» **Directions for this task**
State how many lines in the listing below contain the word "through", and write nothing else.

» **Supplied records**
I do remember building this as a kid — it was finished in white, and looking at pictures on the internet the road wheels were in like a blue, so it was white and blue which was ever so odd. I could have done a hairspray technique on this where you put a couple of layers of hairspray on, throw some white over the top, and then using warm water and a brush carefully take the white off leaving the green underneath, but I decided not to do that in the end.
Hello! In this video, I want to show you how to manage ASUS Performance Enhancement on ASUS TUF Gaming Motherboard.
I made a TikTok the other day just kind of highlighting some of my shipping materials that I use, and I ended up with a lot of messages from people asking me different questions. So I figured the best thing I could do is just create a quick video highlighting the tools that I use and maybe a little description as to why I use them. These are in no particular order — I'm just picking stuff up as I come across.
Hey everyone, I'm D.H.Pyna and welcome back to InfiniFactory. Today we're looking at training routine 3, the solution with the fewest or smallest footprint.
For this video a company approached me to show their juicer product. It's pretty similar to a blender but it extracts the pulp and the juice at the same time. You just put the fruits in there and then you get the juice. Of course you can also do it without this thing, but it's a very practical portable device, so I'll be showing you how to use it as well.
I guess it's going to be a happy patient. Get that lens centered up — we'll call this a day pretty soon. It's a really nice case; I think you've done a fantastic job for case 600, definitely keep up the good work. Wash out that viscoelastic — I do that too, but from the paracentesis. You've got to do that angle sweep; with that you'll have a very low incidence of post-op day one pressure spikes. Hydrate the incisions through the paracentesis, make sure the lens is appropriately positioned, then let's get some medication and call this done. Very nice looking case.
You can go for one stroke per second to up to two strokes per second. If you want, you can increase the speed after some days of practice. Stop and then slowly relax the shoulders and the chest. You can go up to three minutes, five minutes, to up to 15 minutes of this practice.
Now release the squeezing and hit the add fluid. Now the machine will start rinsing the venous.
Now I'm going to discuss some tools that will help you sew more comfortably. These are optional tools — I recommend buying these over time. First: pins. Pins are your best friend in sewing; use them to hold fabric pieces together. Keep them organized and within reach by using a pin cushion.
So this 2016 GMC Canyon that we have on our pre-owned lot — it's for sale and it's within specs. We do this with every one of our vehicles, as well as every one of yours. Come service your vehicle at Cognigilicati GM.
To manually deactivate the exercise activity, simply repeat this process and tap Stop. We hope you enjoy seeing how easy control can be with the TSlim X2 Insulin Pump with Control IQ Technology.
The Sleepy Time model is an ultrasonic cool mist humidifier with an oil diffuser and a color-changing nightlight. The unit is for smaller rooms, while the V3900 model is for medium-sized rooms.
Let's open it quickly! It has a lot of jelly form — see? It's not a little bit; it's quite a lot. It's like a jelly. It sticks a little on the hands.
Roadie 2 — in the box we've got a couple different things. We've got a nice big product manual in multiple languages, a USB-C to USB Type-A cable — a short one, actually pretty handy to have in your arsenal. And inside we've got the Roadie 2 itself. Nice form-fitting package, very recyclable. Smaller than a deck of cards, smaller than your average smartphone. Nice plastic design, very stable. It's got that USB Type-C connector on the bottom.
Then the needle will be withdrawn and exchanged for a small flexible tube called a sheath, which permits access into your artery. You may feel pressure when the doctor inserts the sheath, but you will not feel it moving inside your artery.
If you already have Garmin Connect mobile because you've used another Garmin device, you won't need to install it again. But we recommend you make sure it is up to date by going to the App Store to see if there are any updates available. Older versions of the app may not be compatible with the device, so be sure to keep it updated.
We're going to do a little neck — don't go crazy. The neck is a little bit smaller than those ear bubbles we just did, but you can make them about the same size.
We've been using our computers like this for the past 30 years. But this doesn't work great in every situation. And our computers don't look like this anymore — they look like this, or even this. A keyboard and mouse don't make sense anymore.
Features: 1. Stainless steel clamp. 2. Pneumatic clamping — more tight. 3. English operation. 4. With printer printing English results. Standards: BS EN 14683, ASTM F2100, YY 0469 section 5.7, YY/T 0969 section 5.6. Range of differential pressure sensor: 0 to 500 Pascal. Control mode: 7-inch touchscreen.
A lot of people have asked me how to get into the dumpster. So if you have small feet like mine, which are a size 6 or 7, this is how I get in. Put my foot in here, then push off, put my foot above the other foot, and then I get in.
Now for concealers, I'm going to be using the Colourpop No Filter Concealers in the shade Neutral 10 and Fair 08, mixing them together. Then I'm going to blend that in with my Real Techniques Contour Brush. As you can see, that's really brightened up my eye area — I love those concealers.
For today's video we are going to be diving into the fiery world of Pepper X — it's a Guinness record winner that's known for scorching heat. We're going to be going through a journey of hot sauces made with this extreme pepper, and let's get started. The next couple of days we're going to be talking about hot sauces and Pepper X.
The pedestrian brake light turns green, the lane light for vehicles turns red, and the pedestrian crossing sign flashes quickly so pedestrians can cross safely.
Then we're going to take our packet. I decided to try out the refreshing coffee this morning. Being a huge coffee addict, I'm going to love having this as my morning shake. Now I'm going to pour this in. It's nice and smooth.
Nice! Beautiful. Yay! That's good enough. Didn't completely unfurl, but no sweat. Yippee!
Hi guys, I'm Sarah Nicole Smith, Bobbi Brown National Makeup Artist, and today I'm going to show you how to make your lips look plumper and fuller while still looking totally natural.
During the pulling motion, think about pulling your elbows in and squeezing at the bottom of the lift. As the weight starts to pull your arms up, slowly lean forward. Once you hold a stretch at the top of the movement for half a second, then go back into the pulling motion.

» **Answer to this task**
2